▶ **Problem requirements**: Give back exactly the line containing "Athletic Wear 2Pcs" and all that follow it in the data below, with the pictures left out.
---
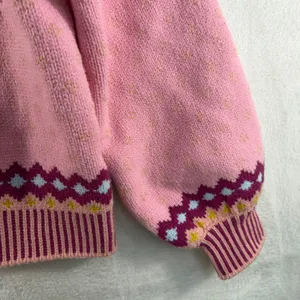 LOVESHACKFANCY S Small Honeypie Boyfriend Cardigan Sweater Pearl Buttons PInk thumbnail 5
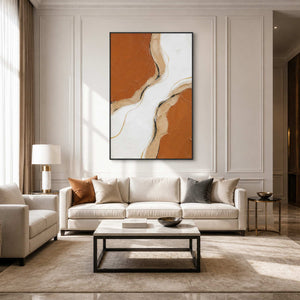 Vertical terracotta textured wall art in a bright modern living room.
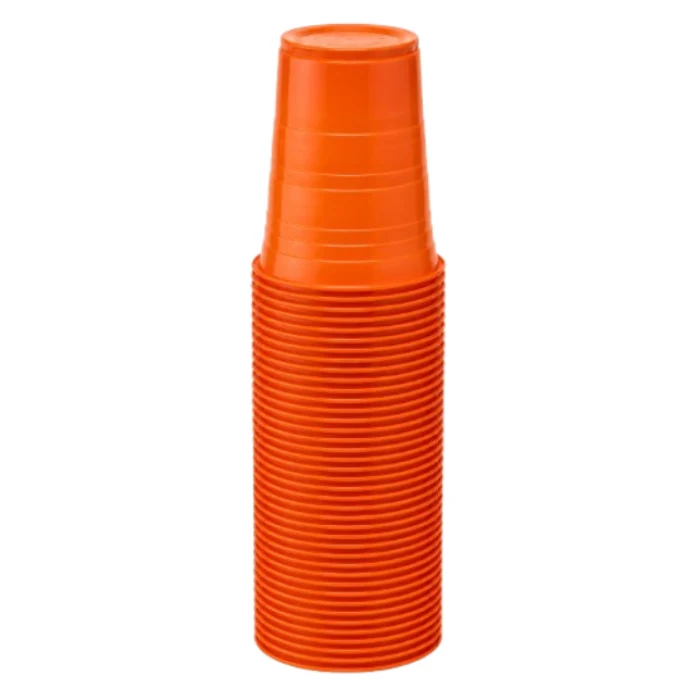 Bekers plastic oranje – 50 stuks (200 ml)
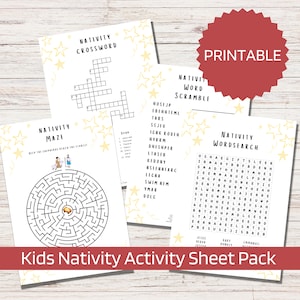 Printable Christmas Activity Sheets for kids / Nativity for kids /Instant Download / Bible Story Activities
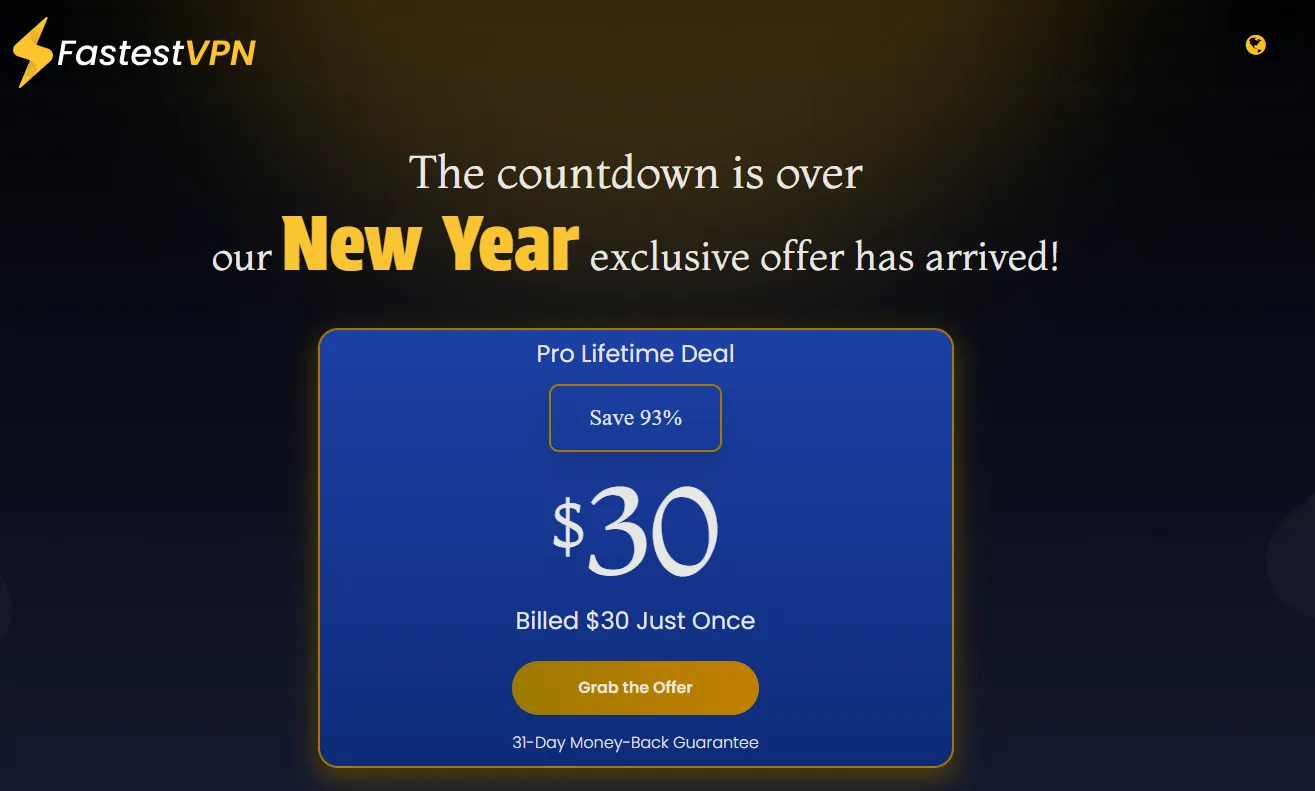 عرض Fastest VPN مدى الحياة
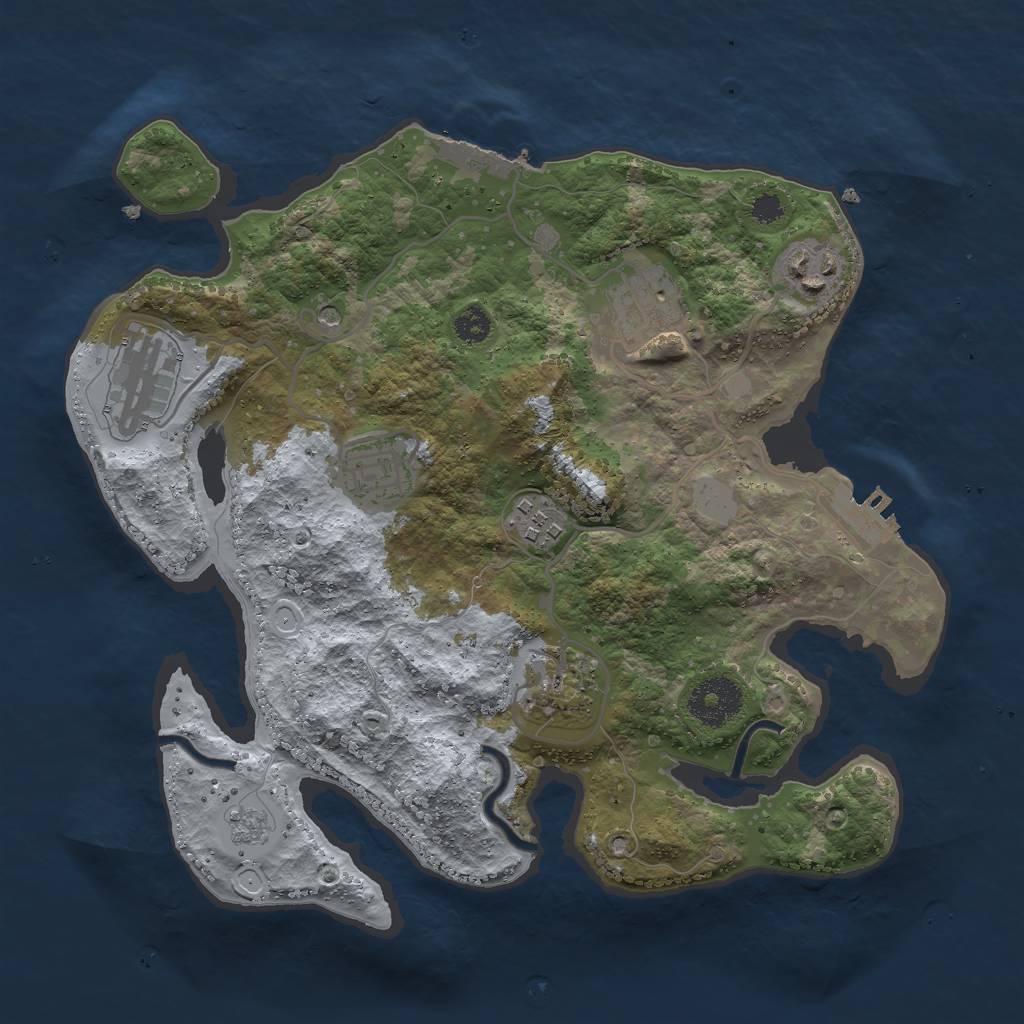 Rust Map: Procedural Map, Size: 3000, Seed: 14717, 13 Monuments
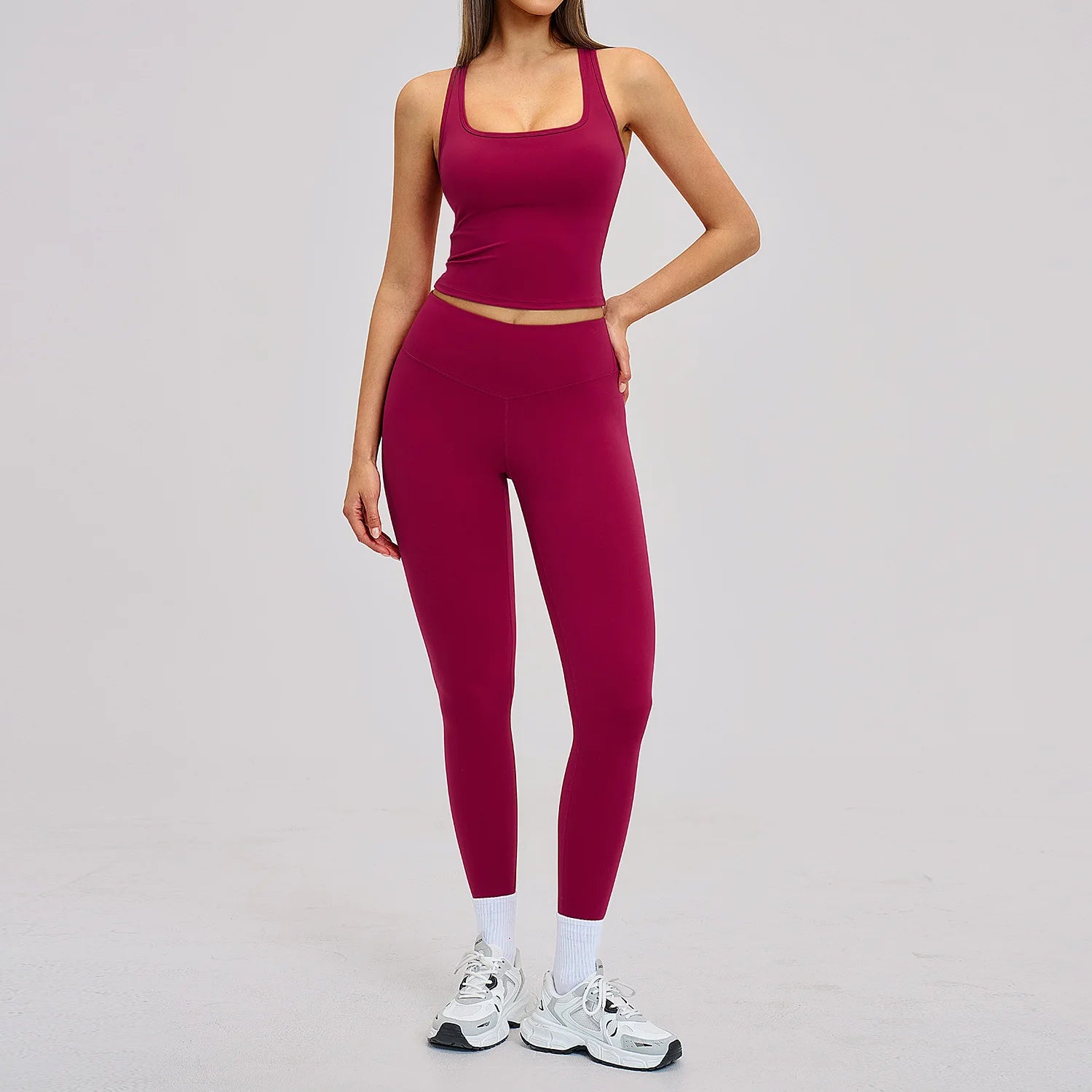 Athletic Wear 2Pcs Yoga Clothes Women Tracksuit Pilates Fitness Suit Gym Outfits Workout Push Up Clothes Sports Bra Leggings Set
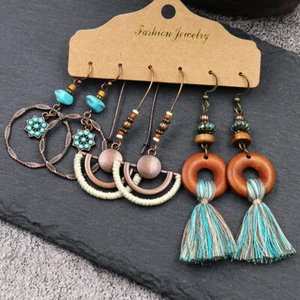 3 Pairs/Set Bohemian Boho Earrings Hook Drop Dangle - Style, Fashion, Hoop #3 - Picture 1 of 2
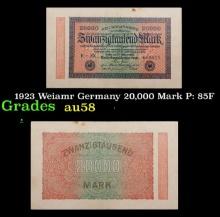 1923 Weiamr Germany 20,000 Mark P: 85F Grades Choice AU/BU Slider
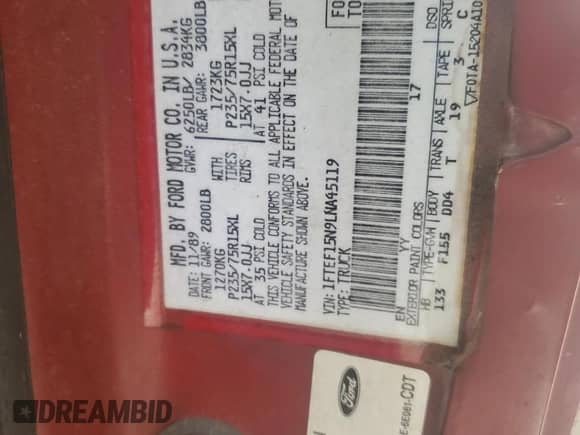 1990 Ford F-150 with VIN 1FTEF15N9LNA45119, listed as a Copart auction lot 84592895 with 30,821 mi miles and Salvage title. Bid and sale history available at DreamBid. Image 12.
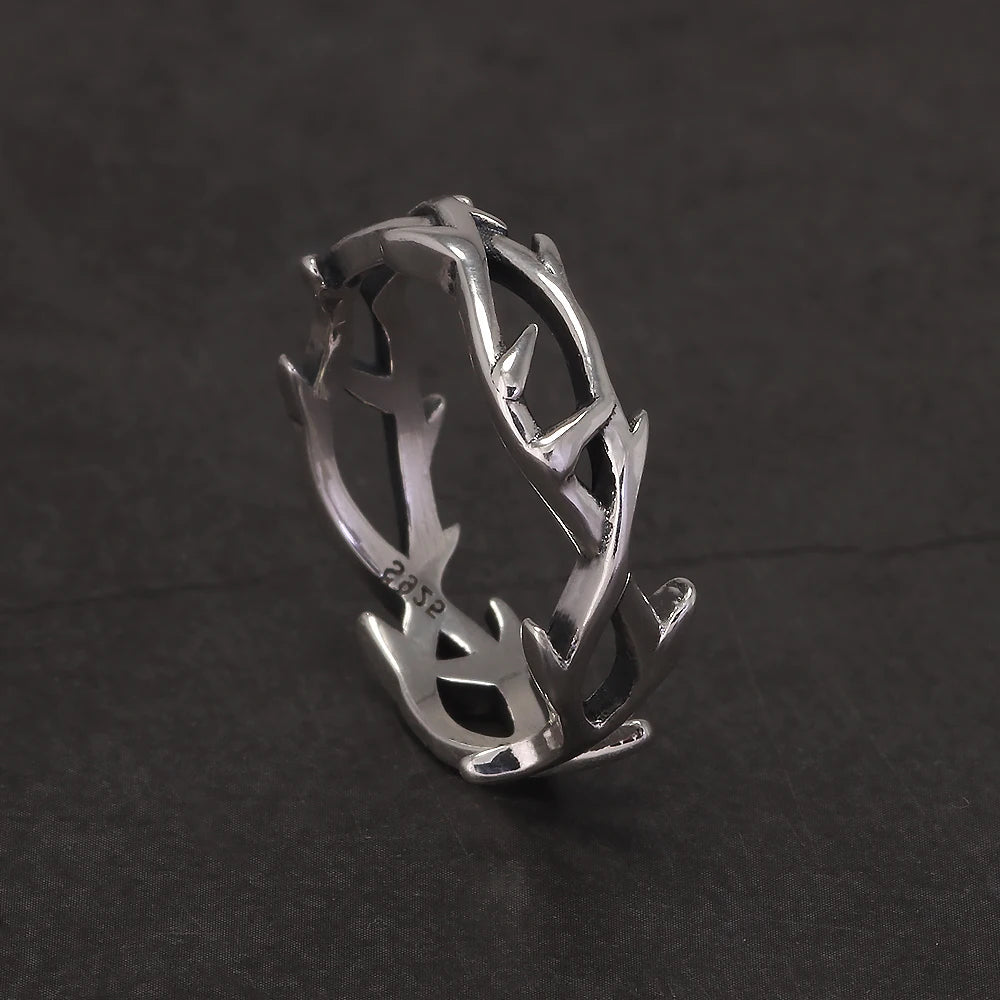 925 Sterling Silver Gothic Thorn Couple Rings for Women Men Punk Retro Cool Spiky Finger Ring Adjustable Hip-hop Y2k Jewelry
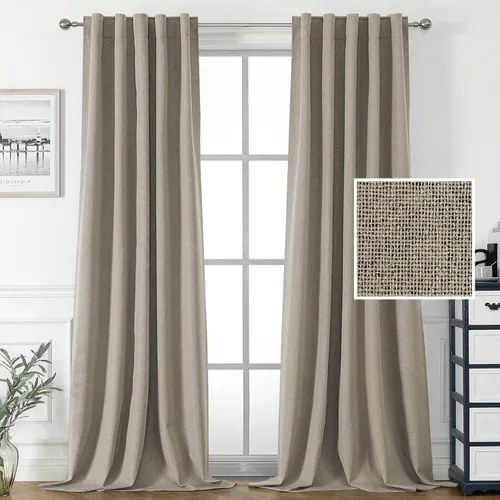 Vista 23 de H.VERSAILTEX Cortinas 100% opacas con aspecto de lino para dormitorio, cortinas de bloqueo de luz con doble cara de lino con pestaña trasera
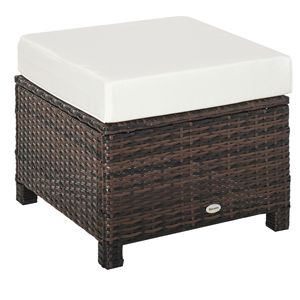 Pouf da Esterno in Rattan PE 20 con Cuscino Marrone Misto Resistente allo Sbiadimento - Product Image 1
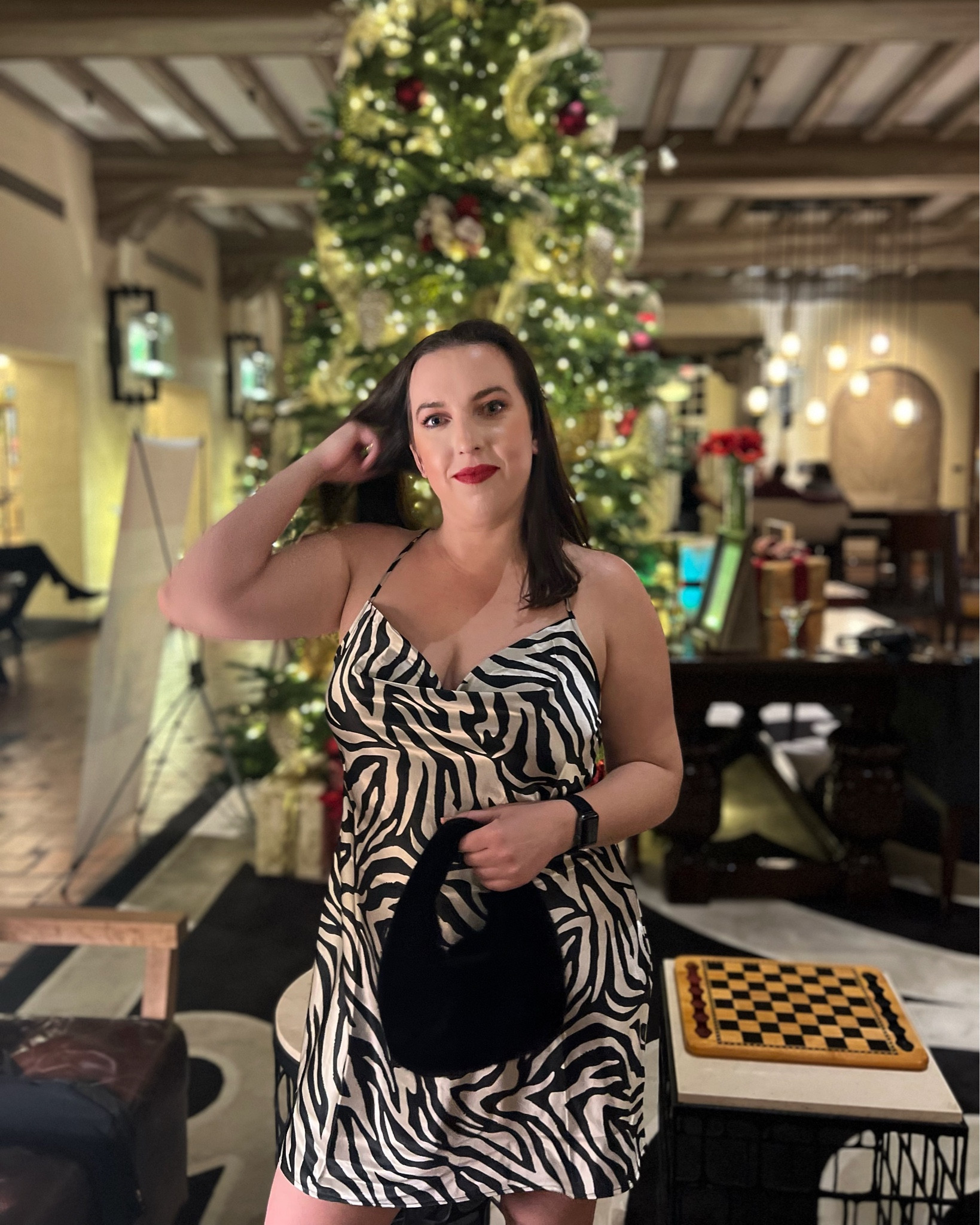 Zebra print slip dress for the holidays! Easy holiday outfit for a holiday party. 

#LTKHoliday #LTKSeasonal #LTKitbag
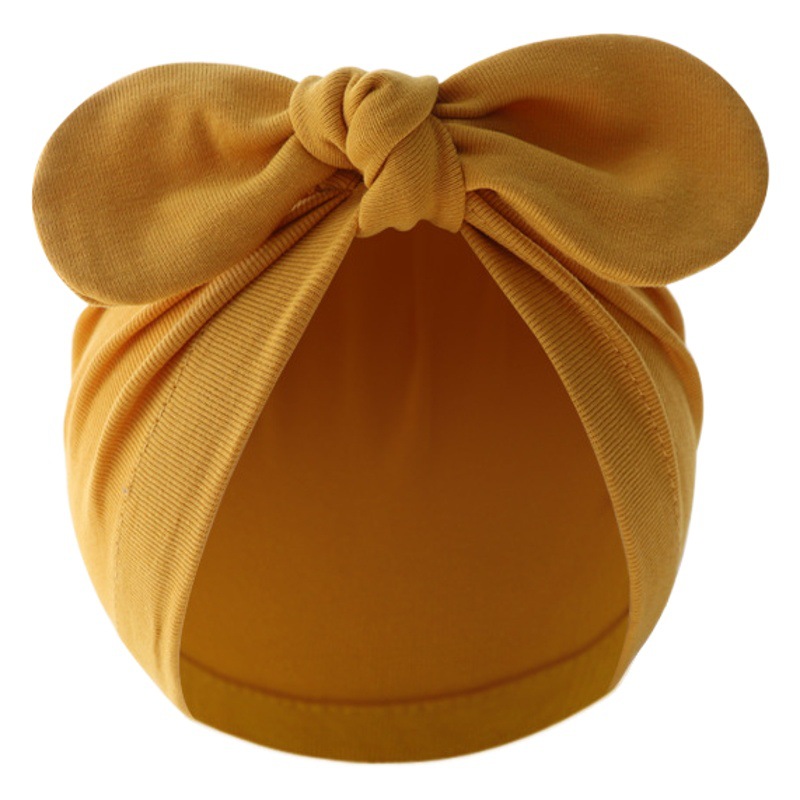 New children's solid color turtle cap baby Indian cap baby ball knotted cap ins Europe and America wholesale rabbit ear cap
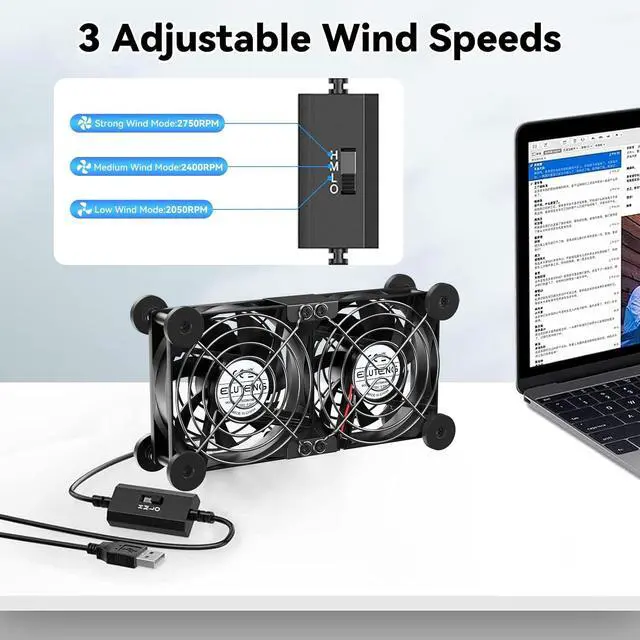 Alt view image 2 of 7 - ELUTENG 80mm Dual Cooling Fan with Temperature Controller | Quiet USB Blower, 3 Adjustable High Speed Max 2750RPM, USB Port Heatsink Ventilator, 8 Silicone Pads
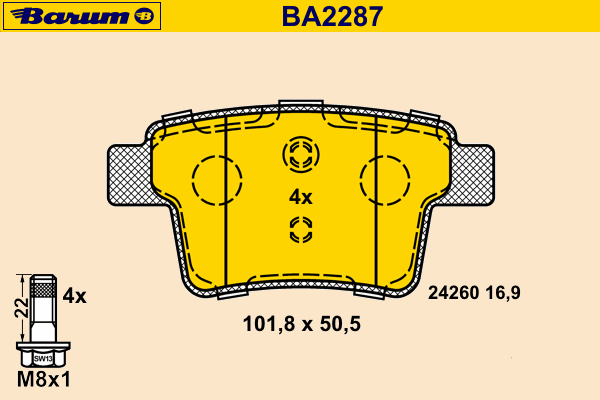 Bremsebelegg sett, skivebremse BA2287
---
▶ **Response to the task**:
 Athletic Wear 2Pcs Yoga Clothes Women Tracksuit Pilates Fitness Suit Gym Outfits Workout Push Up Clothes Sports Bra Leggings Set
 3 Pairs/Set Bohemian Boho Earrings Hook Drop Dangle - Style, Fashion, Hoop #3 - Picture 1 of 2
 1923 Weiamr Germany 20,000 Mark P: 85F Grades Choice AU/BU Slider
 1990 Ford F-150 with VIN 1FTEF15N9LNA45119, listed as a Copart auction lot 84592895 with 30,821 mi miles and Salvage title. Bid and sale history available at DreamBid. Image 12.
 925 Sterling Silver Gothic Thorn Couple Rings for Women Men Punk Retro Cool Spiky Finger Ring Adjustable Hip-hop Y2k Jewelry
 Vista 23 de H.VERSAILTEX Cortinas 100% opacas con aspecto de lino para dormitorio, cortinas de bloqueo de luz con doble cara de lino con pestaña trasera
 Pouf da Esterno in Rattan PE 20 con Cuscino Marrone Misto Resistente allo Sbiadimento - Product Image 1
 Zebra print slip dress for the holidays! Easy holiday outfit for a holiday party. 

#LTKHoliday #LTKSeasonal #LTKitbag
 New children's solid color turtle cap baby Indian cap baby ball knotted cap ins Europe and America wholesale rabbit ear cap
 Alt view image 2 of 7 - ELUTENG 80mm Dual Cooling Fan with Temperature Controller | Quiet USB Blower, 3 Adjustable High Speed Max 2750RPM, USB Port Heatsink Ventilator, 8 Silicone Pads
 Bremsebelegg sett, skivebremse BA2287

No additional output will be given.